With most of northeast Nigeria grappling with the effects of the Boko Haram conflict, previously stable communities are under pressure to maintain social cohesion.
One such community is Shehuri South, east of Maiduguri. Before the insurgency, this small town, inhabited largely by the Kanuri tribe, was very traditional. Conflicts such as over land, the internally displaced, marriage, and tenancy agreements were resolved, almost exclusively, by Bulamas and Lawans (village and ward chiefs).
However, the insurgency and the displacement, which followed it, destroyed this social arrangement, resulting in a struggle for power between traditional leaders and members of Civilian Joint Task Force (CJTF) – a group of government supported youthful vigilantes that emerged from the spoils of the conflict.
Traditional leaders believe that the CJTF’s militarised way of resolving disputes has spread fear and terror among the population. They also believe that this new way of resolving disputes has left community members with no other choice but to obey. On the other hand, CJTF members say that the reason community members have lost trust in the traditional dispute resolution mechanism can be attributed to the corrupt nature in which the Bulamas and Lawans used to conduct themselves whilst adjudicating conflicts.
"Today, community members are more comfortable coming to us with their issues. They get justice and their cases are resolved without them having to offer any incentive as was the case with traditional leaders," said a CJTF leader.
Across northeast Nigeria and in Shehuri South, tensions between traditional leaders and the CJTF have been flaring. Traditional leaders feel very strongly that their position and influence over communities has been usurped, something which has subsquently led to mistrust.
Alert has supported peacebuilding initiatives, especially around conflict resolution, and provided the two conflicting parties with space for dialogue. The project has established a peace platform where community issues are identified and collaboratively addressed. Participants at these meetings have also been able to hold peace platform meetings in their respective communities, independently of the project. Participants have also shown a willingness to involve other members of the community including women and youth.
According to Ba Adam, a CJTF member:
Bringing the CJTF and traditional leaders together to promote peace has been an eye-opener for me. I have come to understand that if we want to maintain sustainable peace and resolve conflicts non-violently in our communities, we must create an all-inclusive platform where everyone has a voice, and can be heard.

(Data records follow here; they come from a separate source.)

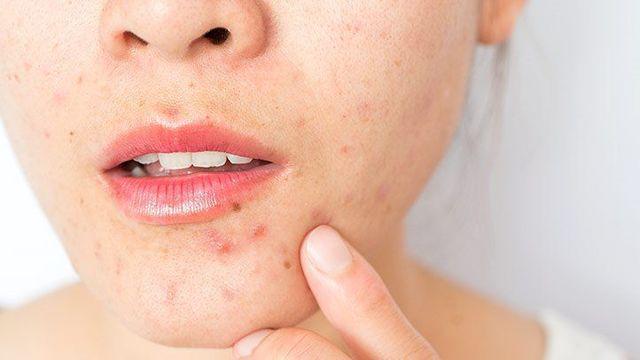 รูปภาพ:https://images.everydayhealth.com/images/skin-beauty/acne/surprising-causes-of-adult-acne-00-alt-722x406.jpg?sfvrsn=3277906e_0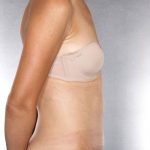 Tummy Tuck Before & After Patient #7955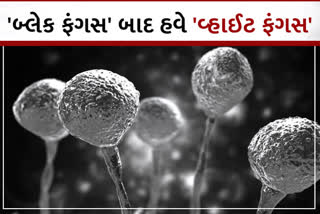 ગુજરાતમાં વ્હાઈટ ફંગસનો પગપેસારો, સોલા સિવિલ હોસ્પિટલમાં 3 દર્દીઓ સારવાર હેઠળ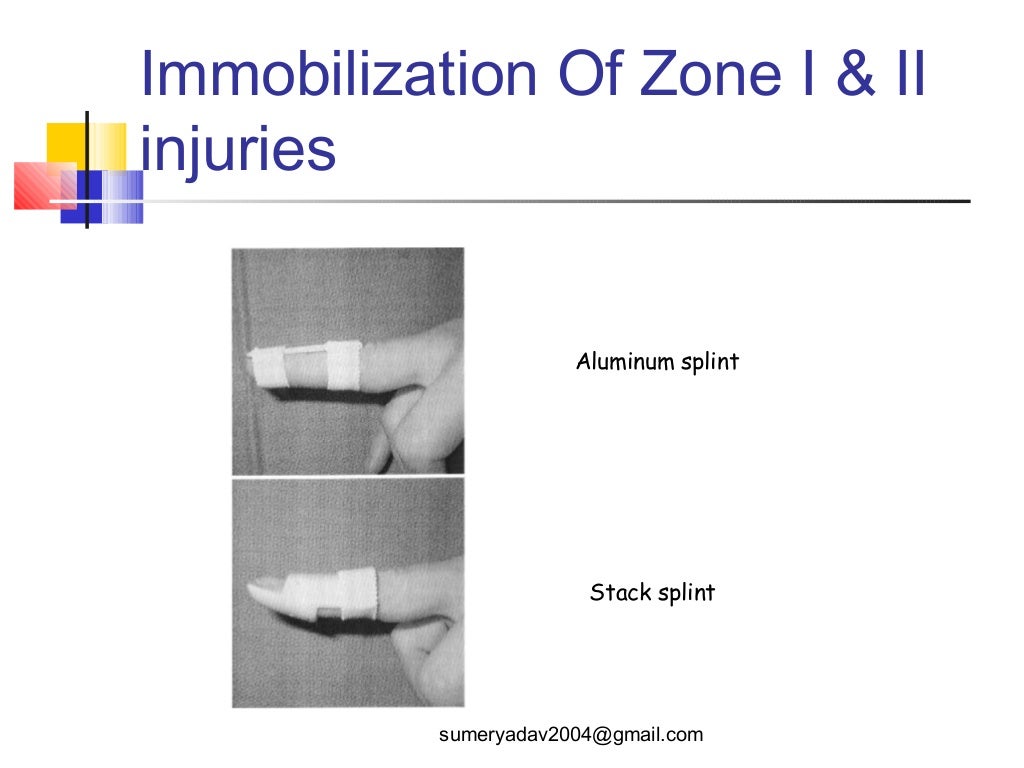 extensor tendons injury and deformity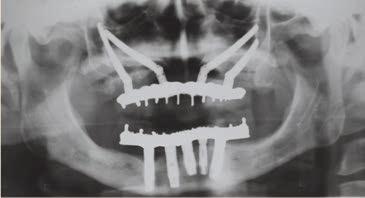 duplicação da prótese superior (Figura 7). Figura 6 - B - tele radiografia final.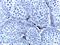 Cytochrome P450 Family 17 Subfamily A Member 1 antibody, NBP2-01151, Novus Biologicals, Immunohistochemistry paraffin image 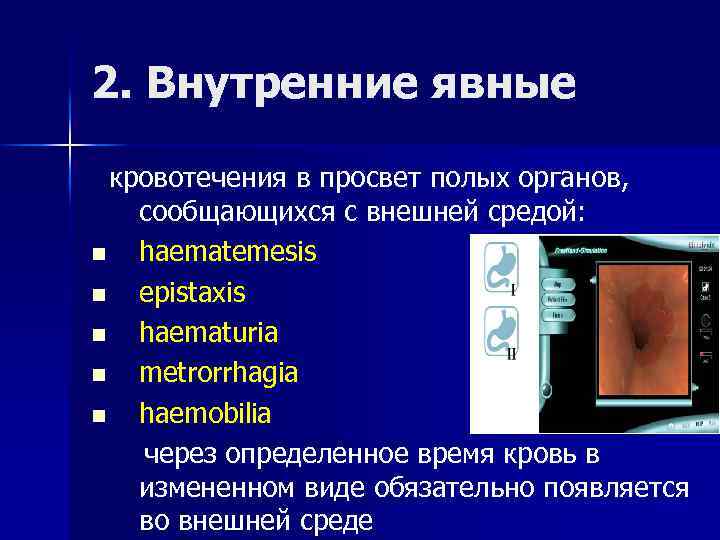 2. Внутренние явные кровотечения в просвет полых органов, сообщающихся с внешней средой: n haematemesis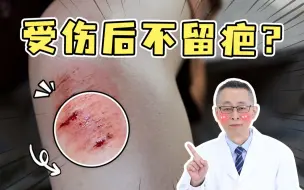 Download Video: 【皮肤科教授】想要受伤后不留疤？这几点一定要看看！！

One of the Bulamas told us:
This platform was created as a result of the engagement with International Alert, which brought us together to work and promote peaceful reconciliation and dialogue. I now have a better understanding of the positive roles of the CJTF in building community peace through this platform. We have collaborated, and we have an improved understanding that our community’s peace is paramount beyond any grief or mistrust. We realise that we must work together to build peace.